How to Discipline When Teens Hit Their Siblings
Unfortunately, sibling rivalry is not restricted to young children; in fact, it often continues well into the teenage years. While a little sibling competition is healthy, when things turn aggressive, or worse, violent, it is time for the parents to step in and take control of the situation. Disciplining a teenage child is often more challenging than disciplining a toddler, due to the physical and hormonal changes of puberty. Understanding, as well as punishing, your teen's violent behavior is important if you want to prevent future incidents.
Instructions
Set clear rules. You need to establish your authority as the parent and let your teen know exactly what constitutes poor or bad behavior. Make it absolutely clear that aggressive or violent behavior is simply unacceptable, no matter what the circumstances. Teenagers often feel misunderstood and, while the logic behind his behavior may seem skewed to you, it probably makes complete sense to him. Establish consequences. Inform your teen that you will punish any incidents of aggression. Ensure your punishments are firm but fair, such as three days without Internet use or television for minor incidents. More serious offenses should incur harsher consequences, such as stopping him from going out to see friends for a week. Always stick to your punishments; the moment you relent your teenager will see you as weak and feel he can push the boundaries and go unpunished in the future. Make him responsible for his actions. Encourage him to apologize, sincerely, to the sibling whom he hit. Ask him why he thinks he should be able to take his frustration and anger out on his sibling, suggests the Empowering Parents website.
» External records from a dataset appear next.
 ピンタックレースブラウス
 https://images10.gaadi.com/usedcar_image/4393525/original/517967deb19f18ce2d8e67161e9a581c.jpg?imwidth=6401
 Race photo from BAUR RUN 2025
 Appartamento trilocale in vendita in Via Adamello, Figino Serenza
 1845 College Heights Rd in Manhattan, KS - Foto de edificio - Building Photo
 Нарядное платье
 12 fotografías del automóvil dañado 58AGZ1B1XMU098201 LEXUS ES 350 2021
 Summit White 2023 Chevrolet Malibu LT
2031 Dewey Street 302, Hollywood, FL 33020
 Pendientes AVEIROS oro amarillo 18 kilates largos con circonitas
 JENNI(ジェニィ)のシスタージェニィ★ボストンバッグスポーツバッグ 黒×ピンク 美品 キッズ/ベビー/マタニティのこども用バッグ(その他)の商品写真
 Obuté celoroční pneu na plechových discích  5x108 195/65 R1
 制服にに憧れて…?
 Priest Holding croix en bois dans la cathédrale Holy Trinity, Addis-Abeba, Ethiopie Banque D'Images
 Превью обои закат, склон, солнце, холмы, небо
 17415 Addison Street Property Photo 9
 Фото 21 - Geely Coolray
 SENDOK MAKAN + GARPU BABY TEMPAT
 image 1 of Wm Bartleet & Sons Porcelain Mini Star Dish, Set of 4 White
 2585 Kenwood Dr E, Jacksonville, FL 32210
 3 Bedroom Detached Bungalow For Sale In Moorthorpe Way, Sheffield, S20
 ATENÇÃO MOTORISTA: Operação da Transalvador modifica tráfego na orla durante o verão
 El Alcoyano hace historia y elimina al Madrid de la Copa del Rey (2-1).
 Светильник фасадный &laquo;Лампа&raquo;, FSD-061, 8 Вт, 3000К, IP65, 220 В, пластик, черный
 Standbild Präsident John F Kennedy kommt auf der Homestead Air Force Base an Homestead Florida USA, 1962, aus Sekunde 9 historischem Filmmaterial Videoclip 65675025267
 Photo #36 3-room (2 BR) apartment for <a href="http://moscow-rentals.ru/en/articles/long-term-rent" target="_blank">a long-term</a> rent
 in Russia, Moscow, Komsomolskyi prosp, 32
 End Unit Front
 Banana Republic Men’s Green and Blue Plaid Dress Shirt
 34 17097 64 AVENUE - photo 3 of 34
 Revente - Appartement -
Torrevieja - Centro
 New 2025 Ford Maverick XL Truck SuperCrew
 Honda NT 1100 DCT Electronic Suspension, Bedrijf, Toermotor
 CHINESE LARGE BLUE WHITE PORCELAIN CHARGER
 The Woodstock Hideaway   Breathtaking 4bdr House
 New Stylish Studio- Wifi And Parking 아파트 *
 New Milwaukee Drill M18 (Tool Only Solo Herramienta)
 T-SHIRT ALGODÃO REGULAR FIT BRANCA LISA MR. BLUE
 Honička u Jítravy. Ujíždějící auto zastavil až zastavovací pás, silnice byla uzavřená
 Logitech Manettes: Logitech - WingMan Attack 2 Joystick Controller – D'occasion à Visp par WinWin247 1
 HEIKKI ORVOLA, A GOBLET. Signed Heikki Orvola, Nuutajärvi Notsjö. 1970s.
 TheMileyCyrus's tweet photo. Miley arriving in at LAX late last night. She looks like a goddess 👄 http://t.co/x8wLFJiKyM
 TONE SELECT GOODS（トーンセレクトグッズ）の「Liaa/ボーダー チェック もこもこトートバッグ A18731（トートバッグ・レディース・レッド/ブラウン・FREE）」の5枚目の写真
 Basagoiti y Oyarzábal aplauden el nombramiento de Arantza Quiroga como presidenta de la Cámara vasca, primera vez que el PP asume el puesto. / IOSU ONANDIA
Talk to your teenager about bullying; explain that by hitting and being aggressive toward his siblings he is bullying them. Explain that everyone feels anger, but that it is simply not acceptable behavior to react with violence toward others, recommends Dr. Bernard Golden for a New Living Magazine article. Try to understand your teen; this will ultimately help you handle his future behavior more effectively. Acknowledge his feelings and help him learn how to deal with the wide range of emotions he may be feeling. For instance, deep breathing for a minute or two is a good way to calm down, says Dr. Golden. Explain that it is up to him to control his emotions and not let them affect his actions.